「おはよう、サトルくん」


ギャンギャン言い合いながら去っていく二人を見つめていると、後ろから声がかけられる。
昇降口にはキョトンとした顔で立っているサユがいた。


「あ、サユ。おはよう」


呼びかけると上目遣いの彼女が俺をじっと見る。


「……呼び捨て」

「うん。もう呼び捨てにするって決めたんだ。いいだろ? 別に」

「でも学校……」

「だから余計。悪い噂は、良い噂で覆せばいいってそう思わない?」


俺は笑って、彼女の手を掴む。沸騰したみたいに一気に真っ赤になって、サユはアワアワと周りを見る。
包帯をした手を自分の両手で包んで、俺はそこに一つの誓いを落とす。


「俺は俺のやり方でサユを守るよ。

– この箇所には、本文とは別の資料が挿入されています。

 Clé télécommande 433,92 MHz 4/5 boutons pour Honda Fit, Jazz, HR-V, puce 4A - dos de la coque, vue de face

俺はまだガキだから、間違うこともあるかも知れないけど。サユが好きなのはずっと変わらないから」

「さ、サトルくん。だからここ学校っ……」


ここは昇降口だから、登校してくる生徒が通りすがりに冷やかして行く。

サユは真っ赤になっているけれど、俺はもう吹っ切れた。どんなに迷ったって困ったって消せない気持ちがあるなら、それはこの先もずっと続いていくのだろう。

例え父さん達のように間違っても、本物ならまた繋がるんだ。

ガキの頃から、サユだけが俺の中で特別だった。彼女もまたそうだったというなら、俺達はきっといつまでも離れたりしない。